I often see that the following polynomial can be written as such:
$f(x) = 6x^4+3x^3+O(x^2)$
where the big O collects all the lower order terms.
Yet, I also see this sometimes:
$f(x) = 6x^4+7x^9+O(x^{11})$
where the big O collects higher order terms.
How does this even make sense? For $f(x)$ to be in $O(g(x))$ doesn't it need to grow at least as fast as $g(x)$ at super large values of $x$?
On
The Big-O terms in the function definitions are place-holders. They are just saying that there is a function that is asymptotically bounded above by $x^{11}$. The $O(x^{11})$ isn't collecting higher order terms. A function $g(x)$ containing $x^{12}$ for example, wouldn't be a part of $f(x)$.
The Big-O notation is commonly used as short-hand for this purpose.
On
To expand on what Bernard said:
In general, big-Oh and little-Oh terms are smaller than the explicit terms that they are together with.
When you have $f(x) = 6x^4+3x^3+O(x^2)$, this intends $x^2$ to be smaller than $x^3$ and $x^4$. This holds when $x$ is large, so when $x \to \infty$.
When you have $f(x) = 6x^4+7x^9+O(x^{11}) $, this intends $x^{11}$ to be smaller than $x^9$ and $x^4$. This holds when $x$ is small, so when $x \to 0$.
You should write something like:
$f(x) \in 6x^4+3x^3+O(x^2)$ as $x \to \infty$
$f(x) \in 6x^4+3x^3+O(x^{11})$ as $x \to 0$
There are two points here.
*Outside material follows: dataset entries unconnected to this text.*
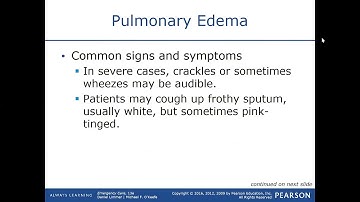 Respiratory Emergencies Lecture 5 / EMT MADE EASY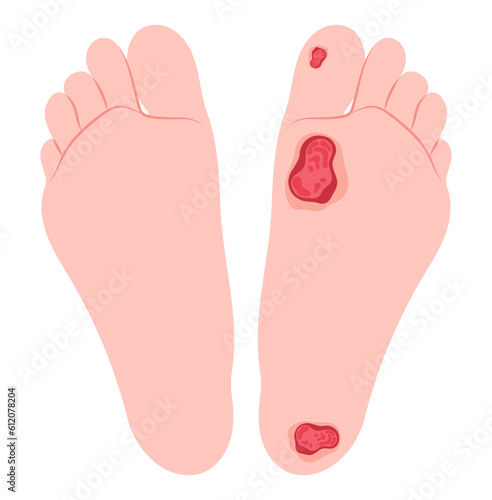 Charcot conduction velocity screening in leg feet limb pain injury nerve clot damage of bacteria sensory gout glucose plaque fat high sugar blister tingling test callus corn stroke Diabetic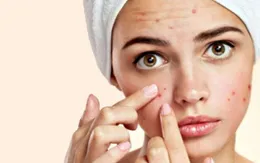 Bí kíp đẩy lùi mụn trứng cá trong những ngày “đèn đỏ”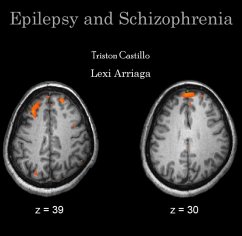 Epilepsy and Schizophrenia (eBook, PDF) - Castillo, Triston Arriaga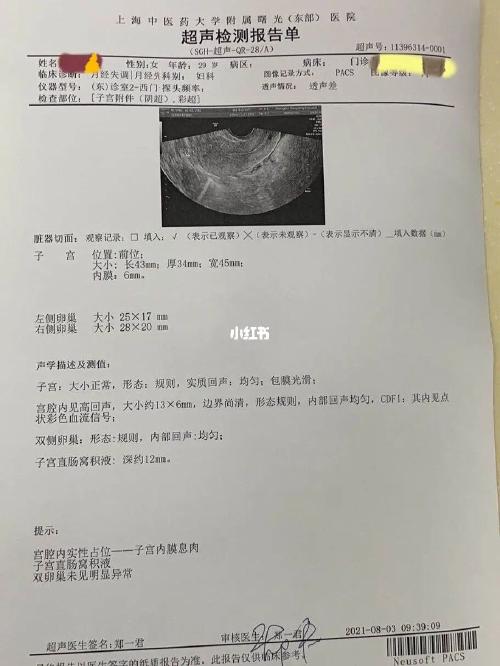 [异常出血]之第二段换医院检查_阴超_上海中医药大学附属曙光医院(东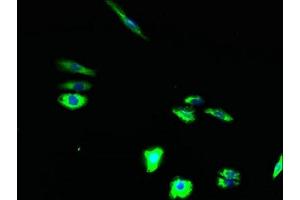 Immunofluorescent analysis of HepG2 cells using ABIN7171854 at dilution of 1:100 and Alexa Fluor 488-congugated AffiniPure Goat Anti-Rabbit IgG(H+L) (Tetraspanin 15 抗体  (AA 115-235))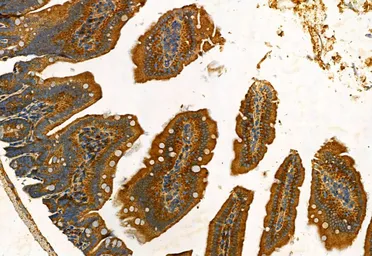 Anti-FAP antibody used in IHC (Paraffin sections) (IHC-P). GTX04673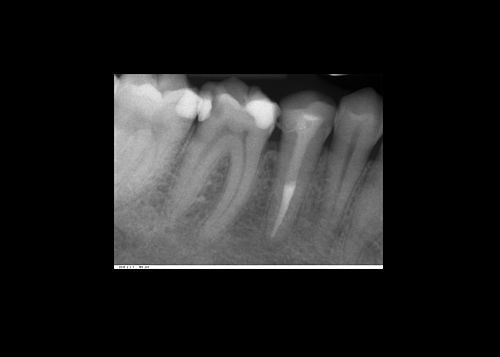Root canal treatment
Firstly the Big-O notations denote classes of functions, not a single function, and it is a misleading abuse of notation to use "$=$" between a single function and a class. Don't forget that $O(x) - O(x) = O(x)$, not $O(x) - O(x) = 0$. Secondly, we cannot talk about limiting behaviour without specifying the region we are concerned with, just like it is meaningless to write "$\frac{2^n}{n^2} \to \infty$" just like that without specifying anything about $n$.